Desgraciadamente me temo que el éxito electoral de algunas experiencias municipalistas en 2015 facilitó que se ignoraran los problemas que conllevaba no haber introducido algunos de estos elementos en la política de confluencia. Ello ha implicado, por ejemplo, que en algunos casos los cargos públicos elegidos en primarias hayan abandonado cualquier lealtad o relación de representación fiel con quienes les eligieron. Incumplimientos de programas, polémicas votaciones sin justificar, cambios de responsabilidades sin debate colectivo… En algunos casos incluso los cargos públicos han sido expulsados de sus partidos por desobedecer las instrucciones emanadas de los colectivos que les pusieron ahí. En general, la mayoría de estos cargos públicos se justifican aludiendo a que se deben a la “gente” y no a los “partidos”, un truco retórico que esconde que su único compromiso de lealtad es con redes informales que pivotan en torno a un hiperliderazgo que se presume electoralmente eficaz. Emerge así un modelo de confluencia, y de partido, aparentemente democrático, por la existencia de primarias, pero profundamente presidencialista en tanto que el control sobre los procesos y la toma de decisiones depende de camarillas supuestamente aventajadas.

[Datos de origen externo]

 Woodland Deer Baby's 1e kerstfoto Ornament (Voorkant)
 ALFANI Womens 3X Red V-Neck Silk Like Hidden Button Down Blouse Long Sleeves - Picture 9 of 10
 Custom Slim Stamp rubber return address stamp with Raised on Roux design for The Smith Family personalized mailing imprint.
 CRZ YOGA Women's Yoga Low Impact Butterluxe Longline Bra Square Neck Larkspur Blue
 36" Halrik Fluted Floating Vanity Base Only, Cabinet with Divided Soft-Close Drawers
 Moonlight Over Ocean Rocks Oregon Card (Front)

Este modelo naciente, que crece al calor de la sociedad del espectáculo y de la hiperpersonalización de la política, es sin duda la principal cuña que amenaza a las organizaciones populares y de izquierdas. Fundamentalmente porque amenaza con sustituirlas. Y, desde mi punto de vista, cambiar el funcionamiento democrático de las organizaciones por modelos bonapartistas no parece la mejor forma de construir resistencias contra los retos con los que comenzaba este artículo. Más al contrario, es llevar a la izquierda española a una situación “a la italiana” en la que las esperanzas de los sectores sociales progresistas quedan depositadas en un difuso mercado electoral sobre el que apenas hay capacidad de intervención. Y eso sin entrar sobre el contenido político, pues esas formas de funcionamiento son bestialmente más sencillas de “capturar” por el poder económico.

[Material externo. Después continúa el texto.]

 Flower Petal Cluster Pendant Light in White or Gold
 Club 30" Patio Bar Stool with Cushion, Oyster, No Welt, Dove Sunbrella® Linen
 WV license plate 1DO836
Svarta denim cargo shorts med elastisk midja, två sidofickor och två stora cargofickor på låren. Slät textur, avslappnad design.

El fundador del PSOE, Pablo Iglesias Posse, enraizado también a la misma tradición socialista y republicana, dio un consejo inestimable también válido para estos tiempos. Al respecto de esta cuestión dijo: «para los cargos públicos, elegid a los mejores y más capacitados y vigiladlos como si fueran canallas. Cuando un compañero se postula para un cargo sin que lo promuevan las bases, es motivo suficiente para no elegirlo»[5]. Esa forma de entender la política, y en particular la relación entre representantes y representados, debe ser recuperada y puesta en primera línea por parte de la izquierda actual.

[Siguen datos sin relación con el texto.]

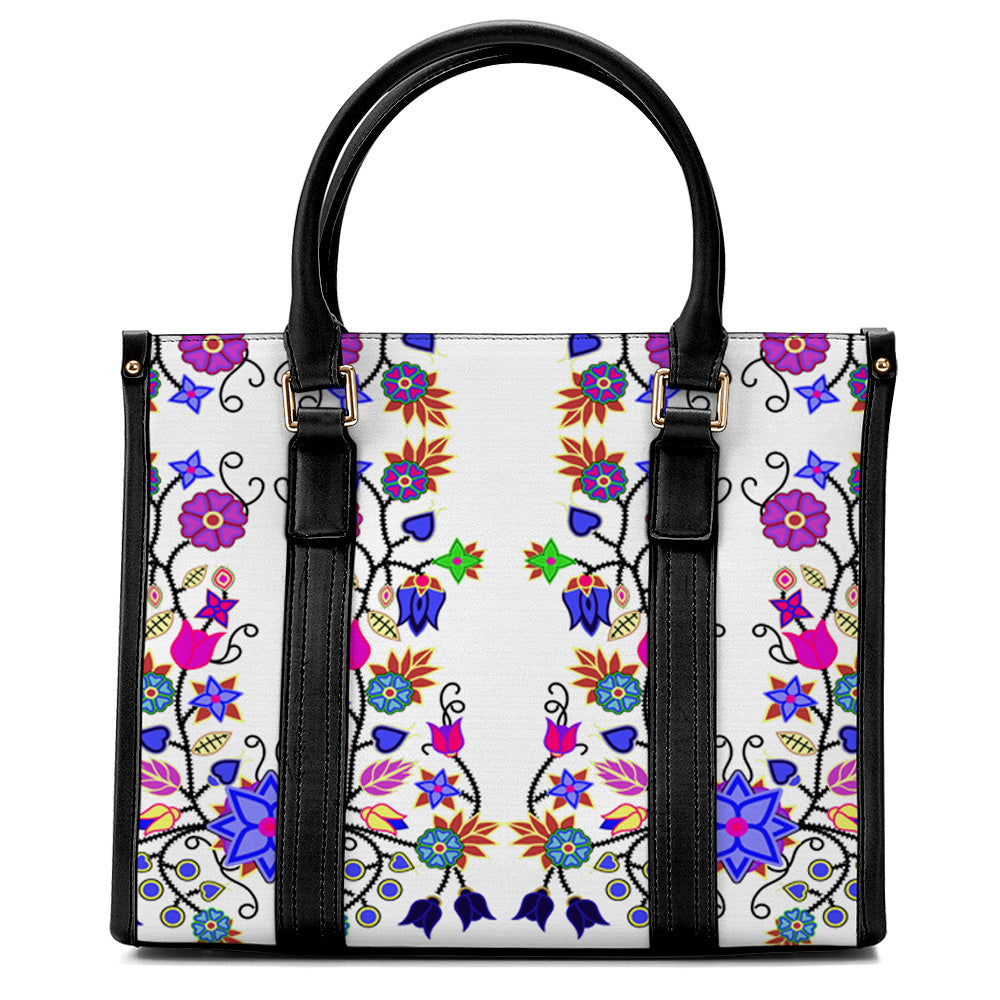 Floral Beadwork Seven Clans White Convertible Hand or Shoulder Bag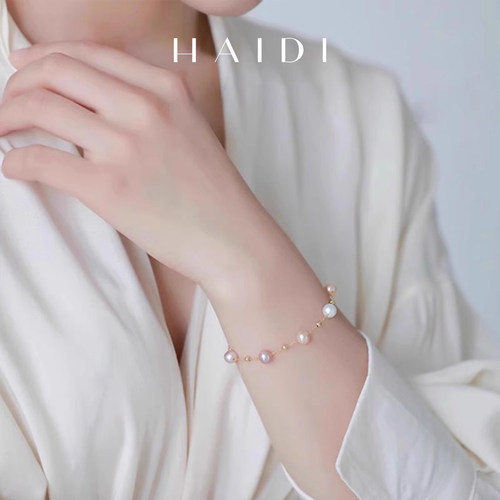 海蒂18k金满天星珍珠手链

En mi opinión, la mejor forma de fortalecer a las organizaciones populares y de izquierdas es a través de mecanismos democráticos. Ello implica apostar por amplios procesos de elección de cargos, debates públicos y sobre todo fiscalización de la actividad de los representantes elegidos. La fórmula del hiperliderazgo, aunque prometa buenos resultados electorales, socava la misma capacidad de pensar, decidir y actuar colectivamente. Y esto, sobra decirlo por la naturaleza de los retos existentes, no va sólo de unos cuantos diputados o concejales en mayo de 2019.